===== DATA =====

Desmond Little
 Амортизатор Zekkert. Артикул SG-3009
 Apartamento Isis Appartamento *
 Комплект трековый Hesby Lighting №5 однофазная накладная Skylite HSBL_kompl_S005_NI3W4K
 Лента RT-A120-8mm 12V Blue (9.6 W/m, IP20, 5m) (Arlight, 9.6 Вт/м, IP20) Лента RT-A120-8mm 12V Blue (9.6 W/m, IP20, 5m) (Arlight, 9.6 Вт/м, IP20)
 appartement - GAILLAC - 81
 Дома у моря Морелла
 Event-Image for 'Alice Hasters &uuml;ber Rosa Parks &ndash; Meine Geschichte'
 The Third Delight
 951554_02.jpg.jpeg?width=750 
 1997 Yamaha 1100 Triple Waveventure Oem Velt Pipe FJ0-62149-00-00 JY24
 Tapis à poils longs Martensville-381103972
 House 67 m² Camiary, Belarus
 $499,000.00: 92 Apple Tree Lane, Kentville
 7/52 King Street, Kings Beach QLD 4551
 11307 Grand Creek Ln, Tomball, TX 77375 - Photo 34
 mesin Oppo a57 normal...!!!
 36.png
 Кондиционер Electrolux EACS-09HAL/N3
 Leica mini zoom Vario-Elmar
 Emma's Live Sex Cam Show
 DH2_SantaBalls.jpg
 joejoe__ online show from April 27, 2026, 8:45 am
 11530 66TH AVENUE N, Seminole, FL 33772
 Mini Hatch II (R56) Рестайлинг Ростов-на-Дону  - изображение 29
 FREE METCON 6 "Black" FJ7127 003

=====

*PROMPT*. Would you transcribe the entries above exactly as they appear?

*ANSWER BOX*.
Desmond Little
 Амортизатор Zekkert. Артикул SG-3009
 Apartamento Isis Appartamento *
 Комплект трековый Hesby Lighting №5 однофазная накладная Skylite HSBL_kompl_S005_NI3W4K
 Лента RT-A120-8mm 12V Blue (9.6 W/m, IP20, 5m) (Arlight, 9.6 Вт/м, IP20) Лента RT-A120-8mm 12V Blue (9.6 W/m, IP20, 5m) (Arlight, 9.6 Вт/м, IP20)
 appartement - GAILLAC - 81
 Дома у моря Морелла
 Event-Image for 'Alice Hasters &uuml;ber Rosa Parks &ndash; Meine Geschichte'
 The Third Delight
 951554_02.jpg.jpeg?width=750 
 1997 Yamaha 1100 Triple Waveventure Oem Velt Pipe FJ0-62149-00-00 JY24
 Tapis à poils longs Martensville-381103972
 House 67 m² Camiary, Belarus
 $499,000.00: 92 Apple Tree Lane, Kentville
 7/52 King Street, Kings Beach QLD 4551
 11307 Grand Creek Ln, Tomball, TX 77375 - Photo 34
 mesin Oppo a57 normal...!!!
 36.png
 Кондиционер Electrolux EACS-09HAL/N3
 Leica mini zoom Vario-Elmar
 Emma's Live Sex Cam Show
 DH2_SantaBalls.jpg
 joejoe__ online show from April 27, 2026, 8:45 am
 11530 66TH AVENUE N, Seminole, FL 33772
 Mini Hatch II (R56) Рестайлинг Ростов-на-Дону  - изображение 29
 FREE METCON 6 "Black" FJ7127 003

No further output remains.